He’s been working like a black.
b) substantivized adjectives denoting animals and plants: evergreens, thoroughbreds (about horses).
3. Some substantivized adjectives have only the plural form. These are:
a) substantivized adjectives denoting studies and examinations. They have either the singular or plural 
    agreement depending on whether they denote one notion or a collection of notions: classics, finals 
    (final examinations), midsessionals, etc.
Finals were approaching.
b) substantivized adjectives denoting collection of things, substances and foods. Some of these admit 
    either of both the singular and plural agreement (chemicals, movables, necessaries, valuables, eatables,    
    greens), others admit only of a singular agreement (bitters).
c) substantivized adjectives which are the names of the parts of the body are used with the definite article 
    the and admit of the plural agreement: the vitals, the whites (of the eyes).
d) substantivized adjectives denoting colours are used in the plural without any article: greys, reds,
    purples, greens.
THE PRONOUN
§ 214. Pronouns are deictic words which point to objects, their properties and relations, their local or
temporal reference, or placement without naming them. They constitute a limited class of words (that is a
closed system) with numerous subclasses. They are generally differentiated into noun-pronouns (substituting
nouns) and adjective-pronouns (substituting adjectives).

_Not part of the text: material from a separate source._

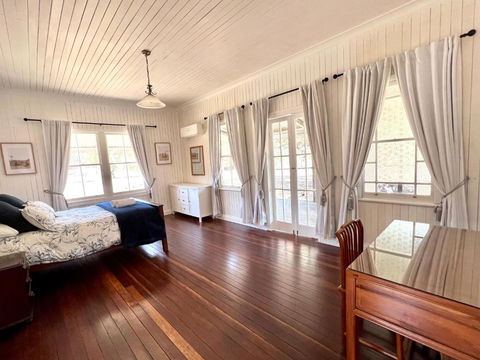 The Cottage Farm Stay - Grandchester - Stayed 2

Morphological composition and categorical characteristics
§ 215. Pronouns may be of different structure: simple, compound, and composite.

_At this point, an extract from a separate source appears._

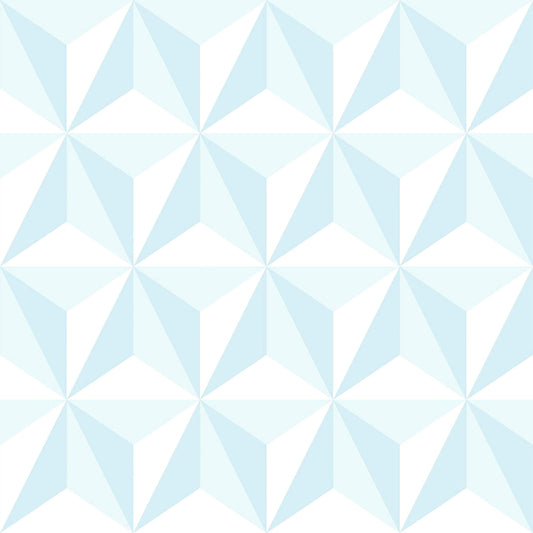 Fable Adella Geometric Wallpaper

Simple pronouns comprise only one morpheme - the stem:
I, you, he, we, etc.; this, that, some, who, all, one, etc.
Compound pronouns comprise more than one stem:
myself, themselves, somebody, everybody, anything, nothing, etc.
Composite pronouns have the form of a phrase:
each other, one another.
Patterns of morphological change in pronouns vary greatly not only from subclass to subclass, but also
within certain subclasses. Some pronouns have the category of number (I - we, this these), while others have
not; some have the category of case expressed in a similar way to that of nouns (somebody somebody’s),
some have a pattern of their own (he - him), and others have no case distinctions at all. Some pronouns have
person and gender distinctions, such as personal pronouns, while others have none.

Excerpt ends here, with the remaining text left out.